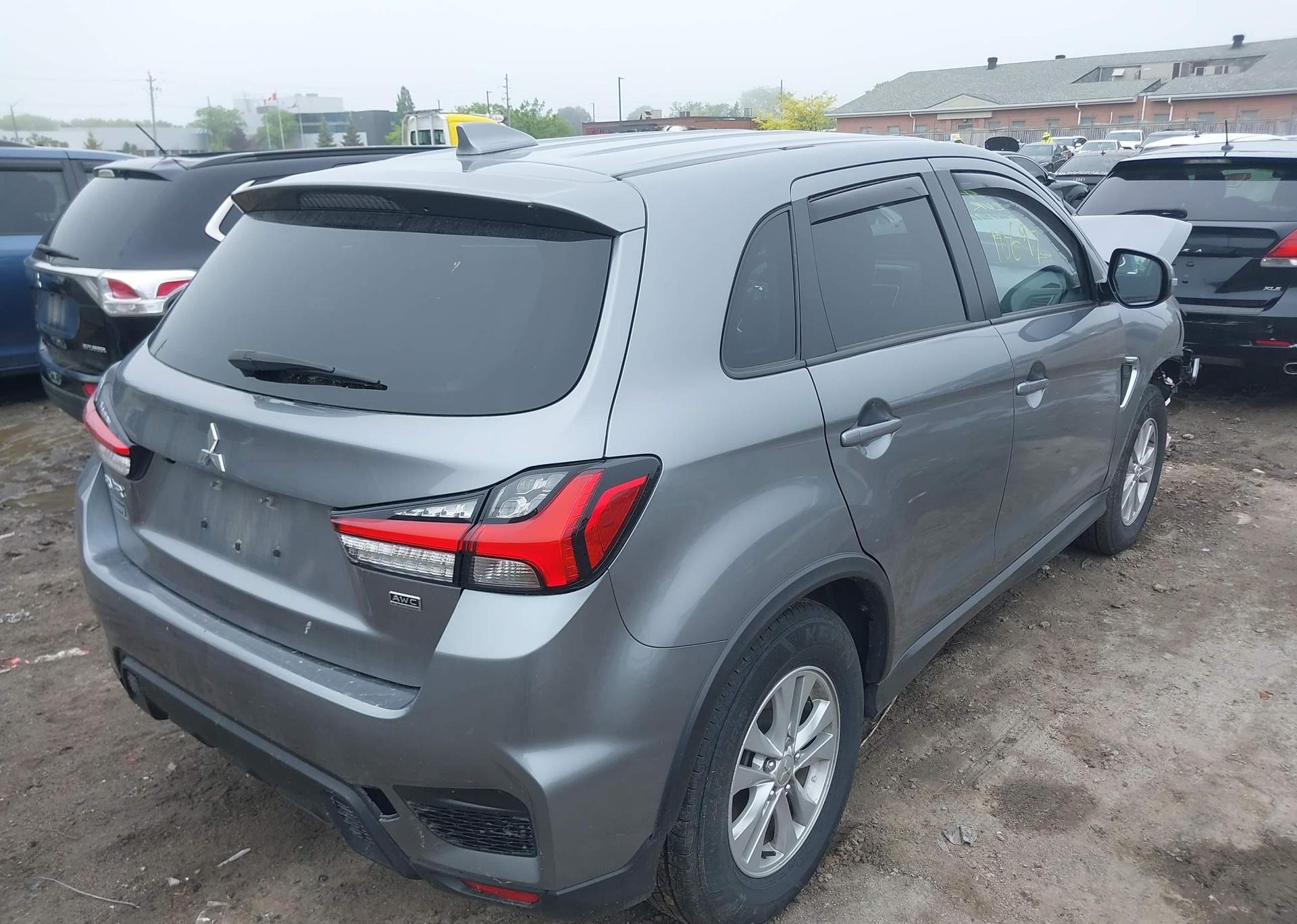 2023 MITSUBISHI RVR SE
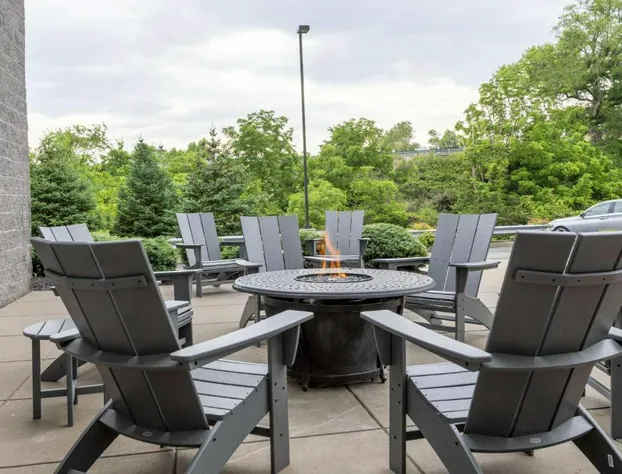 Hampton Inn & Suites North Huntingdon-Irwin hotel detail image 2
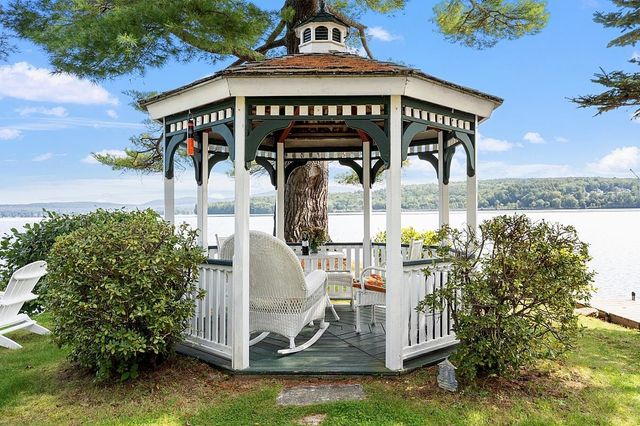 100 Lower Bay Road, Sanbornton, NH 03269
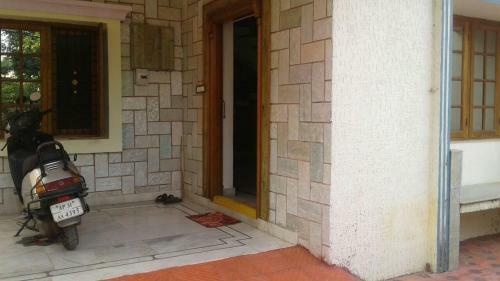Hostal Paradise Home Guest House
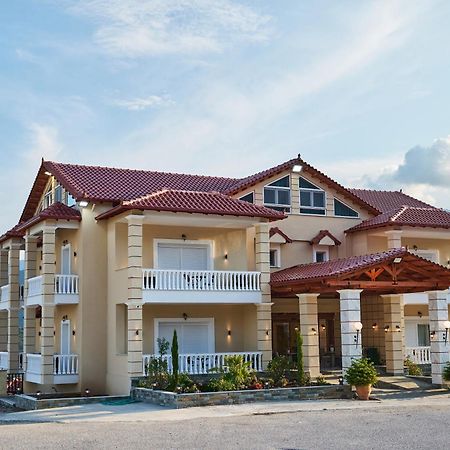 Famissi Suites 2 กาลัมปากา ภายนอก รูปภาพ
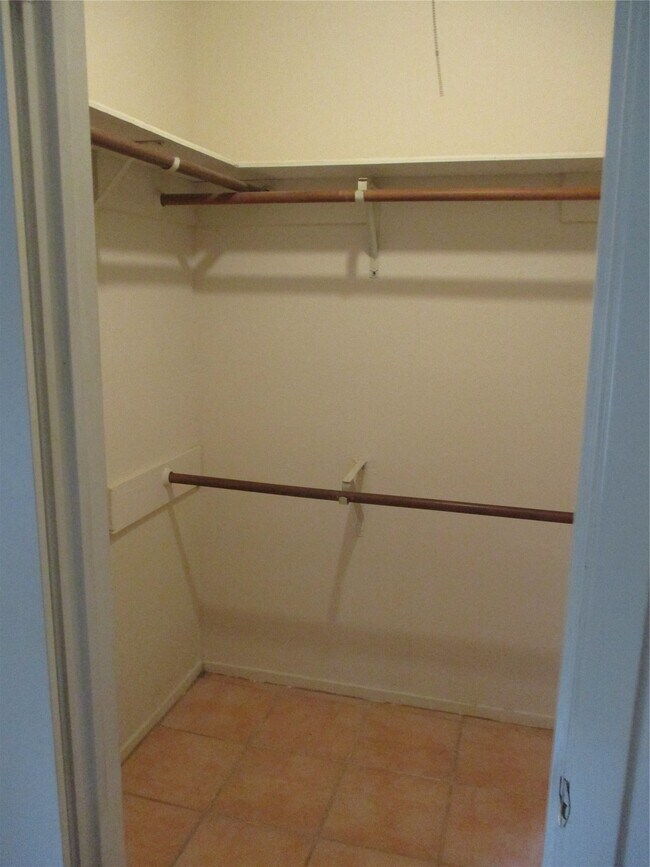 Building Photo - 19947 Mountain Dale Dr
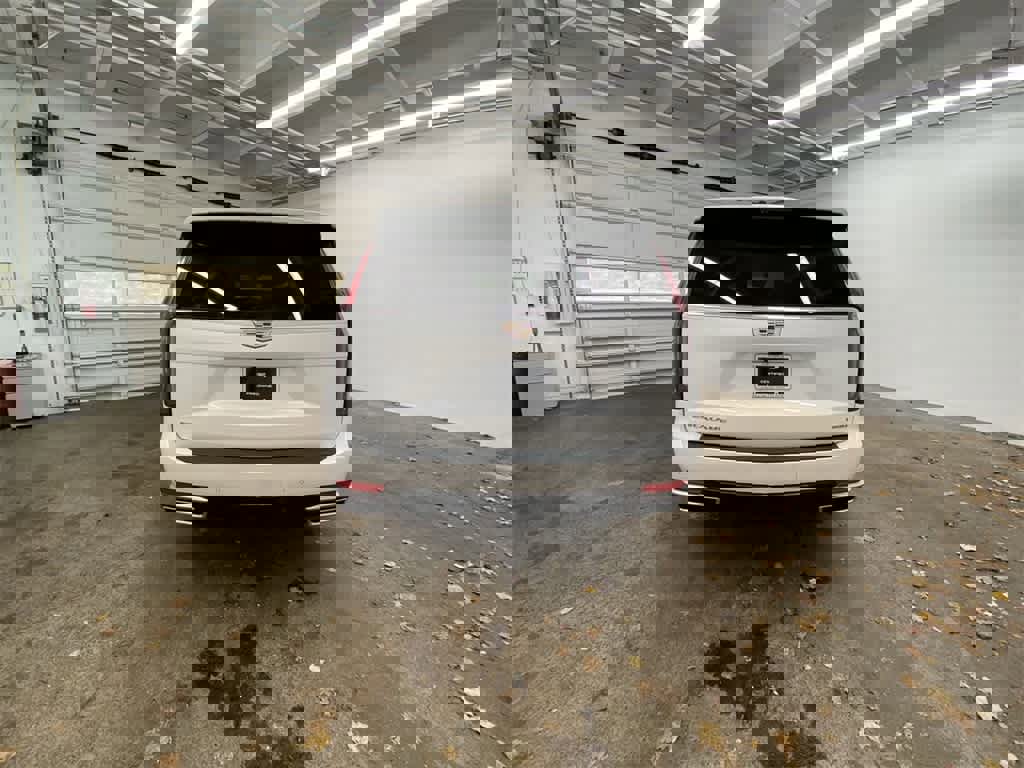 Certified 2024 Cadillac Escalade Premium Luxury Platinum image 5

Activity: Only exact duplicates of the lines from the one containing "100 Lower Bay Road, Sanbornton, NH 03269" through the final line of the entries, both included, are needed, with pictures left out.

Output for this exercise:
 100 Lower Bay Road, Sanbornton, NH 03269
Hostal Paradise Home Guest House
 Famissi Suites 2 กาลัมปากา ภายนอก รูปภาพ
 Building Photo - 19947 Mountain Dale Dr
 Certified 2024 Cadillac Escalade Premium Luxury Platinum image 5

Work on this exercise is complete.